Die Trauer ist in den Augen von den rund 700 Schülern deutlich zu lesen, als Polizisten, Notfallseelsorger, Feuerwehrleute und Sanitäter von sechs Verkehrsunfällen berichten, die insgesamt zehn Menschenleben aus ihrer Altersklasse gefordert haben. Am Dienstagvormittag waren Schüler des staatlichen Gymnasiums Papenburg, der Berufsbildenden Schulen Papenburg und des Hümmling-Gymnasiums in Sögel zu Gast im Forum Alte Werft beim Projekt „Abgefahren –wie krass ist das denn“.

„Schaut bitte einmal nach links, nach rechts, nach vorne und hinter euch. Von den vier Personen, die ihr nun gesehen habt, wird der Statistik nach eine einen schweren Verkehrsunfall verursachen, eine weitere Person wird an einem Unfall beteiligt sein und eine dritte wird bei einem folgeschweren Unfall tödlich verunglücken“, mit diesen Worten hat Robert Raaz, Leiter des Polizeikommissariats in Papenburg, die volle Aufmerksamkeit der noch minderjährigen Schüler. „Ihr alle steht kurz vor einem wichtigen Meilenstein in eurem Leben – der Volljährigkeit. Damit verbunden ist natürlich auch der Führerschein. Durch dieses Projekt wollen wir euch keineswegs schockieren, wir wollen euch nur vor Augen führen, dass das Führen eines Kraftfahrzeuges sehr gefährlich sein kann“, so Raaz weiter.
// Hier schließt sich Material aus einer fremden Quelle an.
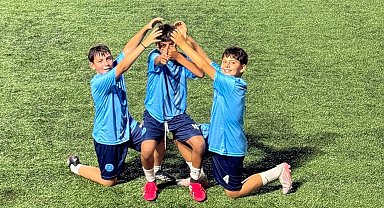 1299 Bilecikspor Kulübü gol oldu yağdı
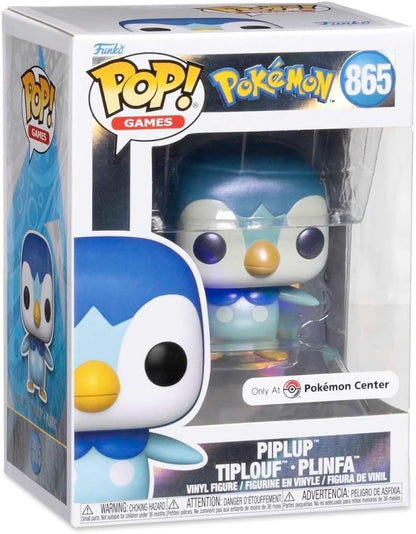 Pokémon Funko Pop! Vinyl Figure: Piplup #865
Er zeigt auf das Autowrack auf der Bühne: „In diesem Auto ist ein junger Familienvater tödlich verunglückt. Er hat nicht mehr die Möglichkeit, seine Kinder aufwachsen zu sehen.“

Das Verkehrspräventionsprojekt soll dazu dienen, den fast volljährigen Schülern zu zeigen, wie schnell ein Menschenleben vorbei sein kann. Ein unachtsamer Moment, der kurze Blick auf das Smartphone während der Fahrt, die Selbstüberschätzung oder die überhöhte Geschwindigkeit bei schlechten Straßenverhältnissen – all das sind mögliche Ursachen für Verkehrsunfälle. Im Emsland und der Grafschaft-Bentheim verursachen statistisch gesehen die jungen Fahranfänger im Alter von 18 bis 24 Jahren die häufigsten Verkehrsunfälle mit Todesfolge.

Die Rettungskräfte berichten nacheinander von sechs Verkehrsunfällen, bei denen sie als Ersthelfer, als Feuerwehrmann oder als Notfallseelsorger vor Ort waren. Bei den Erzählungen geht es nicht darum, einen Schuldigen für den Unfall zu finden – es geht vielmehr um Gefühle und um die Angst, einen Verunfallten nur noch tot zu bergen. Die Einsatzberichte sind dabei sehr detailliert und berühren die Schüler zutiefst. Im Anschluss an jeden Unfallbericht wird für die Verstorbenen eine Kerze entzündet. Am Ende brennen auf der Bühne zehn Kerzen, für zehn junge, deren Leben viel zu früh durch einen tragischen Unfall beendet wurde.

Bevor die Veranstaltung mit dem Lied „Geboren um zu leben“, gesungen von Ramona Bahls, endet, wird auf der Bühne ein Ballon gezeigt. An diesen Ballon haben die Schüler im Vorfeld ihre Lebensträume geklebt: Ein Schulabschluss, eine Freundin, eine Auslandsreise, ein guter Job und vieles mehr. Plötzlich platzt der Ballon mit einem lauten Knall. Ein Knall, der in Erinnerung bleibt. Ein Knall, der alle Lebensträume abrupt beendet. Ein Knall, wie er auch zu hören ist, wenn ein Auto gegen einen Baum prallt.